JOHN A. BETTS, Respondent-Appellant

547 N.E.2d 686, 190 Ill. App. 3d 961, 138 Ill. Dec. 519 1989.IL.1854

Appeal from the Circuit Court of Ford County; the Hon. William T. Caisley, Judge, presiding.


PRESIDING JUSTICE McCULLOUGH delivered the opinion of the court. SPITZ and GREEN, JJ., concur.


Respondent John A. Betts appeals from an order entered July 29, 1988, finding respondent in contempt of court and from an order entered February 24, 1989, denying a motion to reconsider the July 1988 order. Primarily, respondent contends the trial court erred in finding him in criminal contempt of court for failing to comply with a child support order where the order should have been civil contempt. Respondent also urges because he did not receive mail notice of the hearing on the show cause petition, the order is void and should have been vacated on February 24, 1989. For the reasons that follow, we reverse the trial court.

On April 27, 1988, petitioner, Julie A. Betts, filed a petition for rule to show cause against respondent, alleging respondent failed to comply with the December 11, 1987, court order directing respondent to pay $1,200 each semester to Jodie Betts, respondent's daughter, or to Illinois Wesleyan University (University), where Jodie was a full-time student. The petition alleged the first $1,200 installment, due on or before December 31, 1987, was not paid. An order for a rule to show cause was issued May 2, 1988. A show-cause hearing was scheduled for May 6, 1988. An alias order to show cause was issued on May 6, 1988. A second alias order was issued on May 31, 1988, setting a hearing for June 30, 1988. On the court's own motion, the hearing on June 30 was continued to July 29, 1988. Respondent filed a response to the show-cause order on July 29, 1988. The record reflects the respondent was properly served with the second alias order to show cause. The record does not show notice to respondent to appear at the July 29 hearing.

Respondent did not personally appear at the July 29, 1988, hearing. However, respondent's counsel, Kenneth Kozel, appeared. The court found counsel's appearance established that respondent was aware of the hearing, despite the fact written mail notice of the July 29 hearing was not given to the respondent. The evidence established that respondent paid only $1,240 for the 1987-88 school year to the University and received a refund of $155.84 for overpayments made. Respondent paid the aforementioned amount on June 23, 1988, six months after the court-ordered date for payment. At the time of the hearing, no amounts were due and owing the University for the previous school year because a large portion of Jodie's tuition had been paid by various loans and scholarships and by Jodie's employment at the school.

The docket entry in the record for July 29, 1988, reveals the court found respondent "in contempt" of court for failing to make a tuition payment in December 1987. The trial court found respondent's payment on June 23 represented the June 1988 installment and the December 1987 payment remained unpaid. Judgment was entered for petitioner in the amount of $1,315.84, the amount of the arrearage for the 1987-88 school year. Respondent was sentenced to six months in jail, with leave to purge the contempt after 60 days in jail by paying the sum of $1,200 to petitioner for the use and benefit of Jodie.
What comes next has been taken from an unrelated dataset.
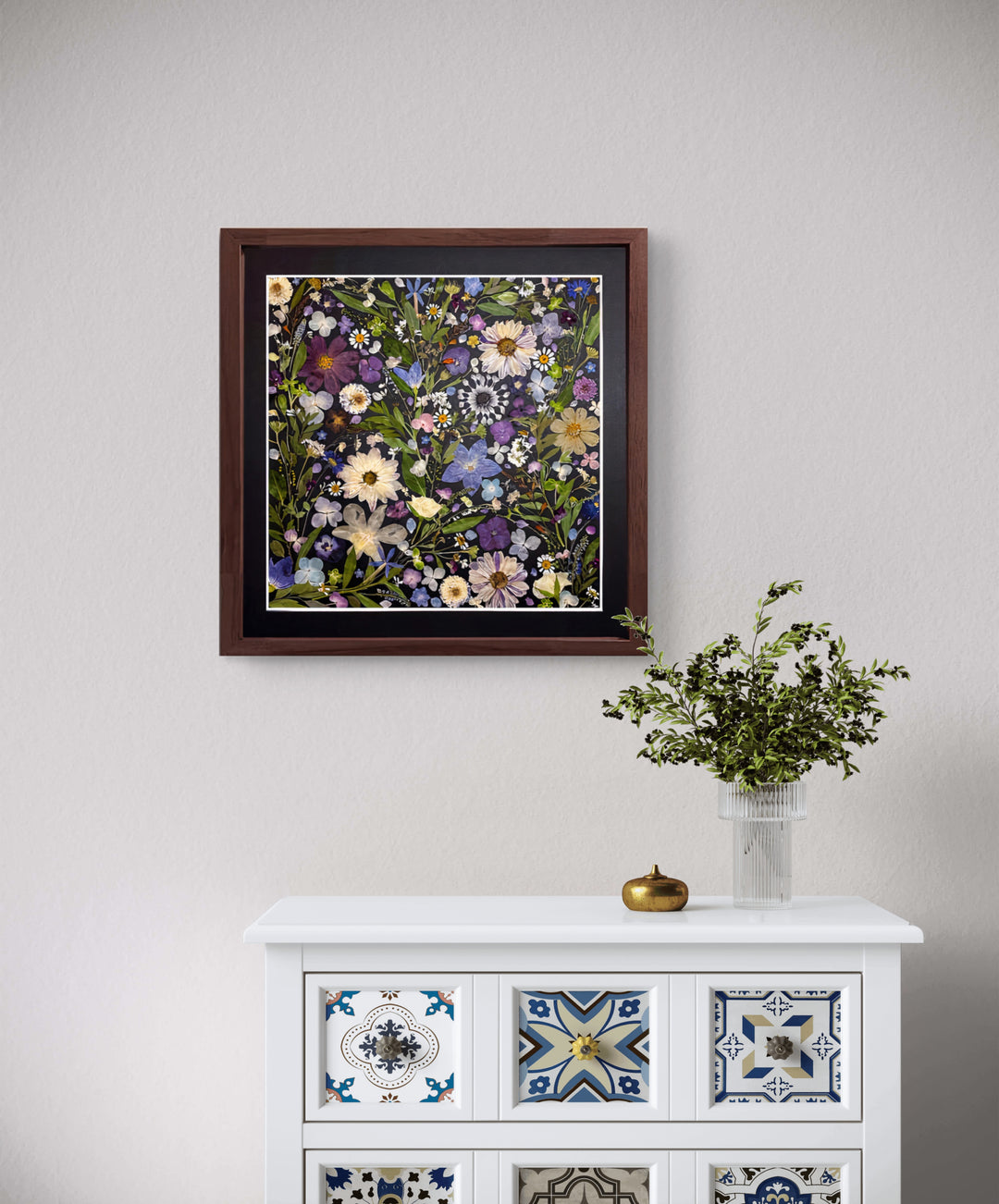 black background pressed flower frame art with flower petals hanging on the living room wall above white desk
Respondent appealed to this court on July 29, 1988. The notice of appeal stated respondent was appealing all orders of the trial court entered on July 29, 1988. On August 8, 1988, petitioner filed a motion to stay the incarceration, asserting the jail sentence without a purging provision for the first 60 days was error. On August 26, 1988, respondent filed an amended notice of appeal pursuant to Supreme Court Rule 303(c)(4) (107 Ill. 2d R. 303(c)(4)). The amended notice specified respondent sought to appeal only the money judgment entered for petitioner on July 29, 1988. On the same day the amended notice of appeal was filed, respondent filed a motion in the trial court for reconsideration of the July 29, 1988, order. This court dismissed respondent's appeal on November 29, 1988, for respondent's failure to file a brief. In re Marriage of Betts (4th Dist. 1988), No. 4 -- 88 -- 0561 (order of dismissal).
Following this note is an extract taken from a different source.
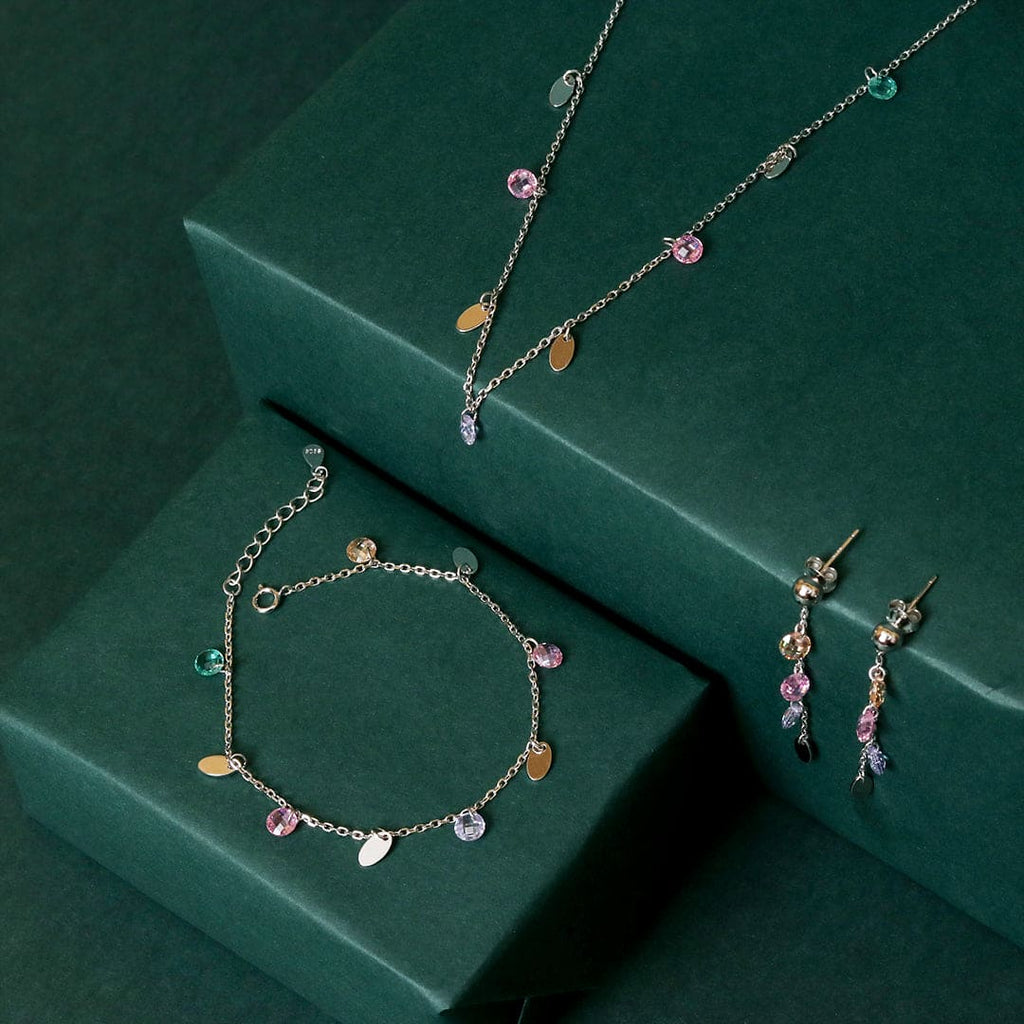 Jewelry set with silver chain necklace, charm bracelet, and pink-teal drop earrings.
On February 24, 1989, the trial court heard arguments on respondent's motion for reconsideration of the July 1988 order. Because of the appeal by respondent, the trial court ordered this motion "stricken from the record as not being properly filed." By docket entry, the trial court stated that even if the motion was properly filed, it should be denied "because the respondent was properly held in indirect criminal contempt. . . . For both reasons the motion to reconsider was denied." The court, by its docket order, also stated "warrant of arrest issue . . . be committed to the Ford County Jail to commence serving a term of six months imprisonment imposed upon him for indirect criminal contempt of this court on July 29, 1988." Respondent filed a notice of appeal on February 24, 1989, from the orders of the court entered on February 24, 1989, and those orders entered on July 29, 1988. Execution of the jail sentence was stayed by this court pending this appeal.
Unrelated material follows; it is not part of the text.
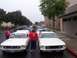 2002 Ford Mustang - Two white 1967 Ford Mustangs are lined up, possibly for a parade, with American flags visible.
Although not argued by the parties, we first consider the effect of respondent's first appeal in July and August 1988, and its dismissal, on the matters presented in the appeal now before us. As noted, by the amended notice in August 1988, respondent sought review of only the money judgment entered for petitioner on July 29. Rule 303(c)(2) allows an appeal from a portion of a judgment. (107 Ill. 2d R. 303(c)(2).) Such appeals are confined to those judgments and orders which are severable because they deal with independent matters. (Kerner v. Thompson (1936), 365 Ill. 149, 154, 6 N.E.2d 131, 133.) The July 29, 1988, orders, which included a judgment civil in nature and a criminal contempt charge, were severable. The principles of res judicata bar respondent from raising any issues regarding the money judgment which was before this court in the first appeal. People v. Mitchell (1981), 95 Ill. App. 3d 779, 791, 420 N.E.2d 415, 424.

As stated, both petitioner and respondent filed motions for reconsideration of the incarceration of respondent. These motions as to the contempt charge were properly before the trial court for hearing on February 24, 1989. (107 Ill. 2d Rules 303(a)(2), (a)(4).) The appeal of the February 24, 1989, orders permits this court to review the court's order of July 29, 1988, finding the defendant in contempt and sentencing him to jail. Although the court's orders of July 29, 1988, and February 24, 1989, as to incarceration do not order the same term of incarceration (on July 29, 1988, respondent was ordered to serve six months, with leave to purge after having served 60 days of his sentence -- on February 24, 1989, respondent was ordered to serve a term of six months for indirect criminal contempt of the circuit court on July 29, 1988), the discrepancy does not affect the Disposition made here.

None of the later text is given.